Big Data Analytics for Default Prediction using Graph Theory

Yıldırım M., Yıldırım Okay F. , Özdemir S.

EXPERT SYSTEMS WITH APPLICATIONS, cilt.176, ss.1-17, 2021 (SCI Expanded İndekslerine Giren Dergi)

  • Yayın Türü: Makale / Tam Makale
  • Cilt numarası: 176
  • Basım Tarihi: 2021
  • Doi Numarası: 10.1016/j.eswa.2021.114840
  • Sayfa Sayıları: ss.1-17


With the unprecedented increase in data all over the world, financial sector such as companies and industries try to remain competitive by transforming themselves into data-driven organizations. By analyzing a huge amount of financial data, companies are able to obtain valuable information to determine their strategic plans such as risk control, crisis management, or growth management.
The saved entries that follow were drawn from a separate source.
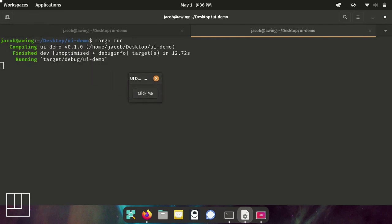Build and run. Now when we click it, you'll see tails, tails, heads, tails, tails, heads, tails. Yeah, it works.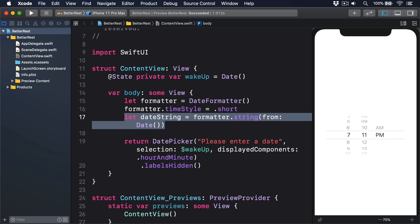The point is that dates are hard, but Apple has provided us with stacks of helpers to make them less hard. If you learn to use them well, you'll write less code and write better code too.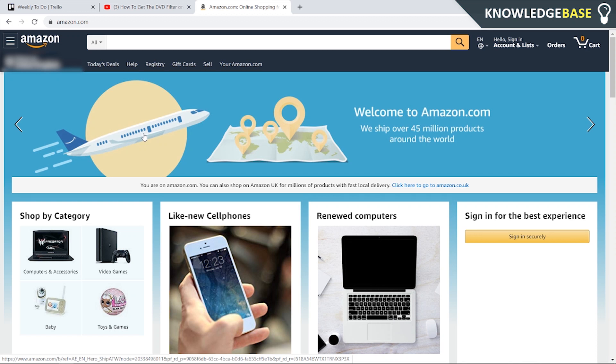Today I'm going to show you how you can get a free trial to Amazon Prime and then how you can cancel it without actually being charged for the trial.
However, as the amount of data increase dramatically, traditional data analytic platforms confront with storing, managing, and analyzing difficulties. Emerging Big Data Analytics (BDA) overcome these problems by providing decentralized and distributed processing. In this study, we propose two new models for default prediction. In the first model, called DPModel-1, statistical (logistic regression), and machine learning methods (decision tree, random forest, gradient boosting) are employed to predict company default. Derived from the first model, we propose DPModel-2 based on graph theory. DPModel-2 also comprises new variables obtained from the trading interactions of companies. In both models, grid search optimization and SHapley Additive exPlanations (SHAP) value are utilized in order to determine the best hyperparameters and make the models interpretable, respectively. By leveraging balance sheet, credit, and invoice datasets, default prediction is realized for about one million companies in Turkey between the years 2010–2018. The default rates of companies range between 3%-6% by year. The experimental results are conducted on a BDA platform. According to the DPModel-1 results, the highest AUC score is ensured by random forest with 0.87. In addition, the results are improved for each technique separately by adjusting new variables with graph theory. According to DPModel-2 results, the best AUC score is achieved by random forest with 0.89.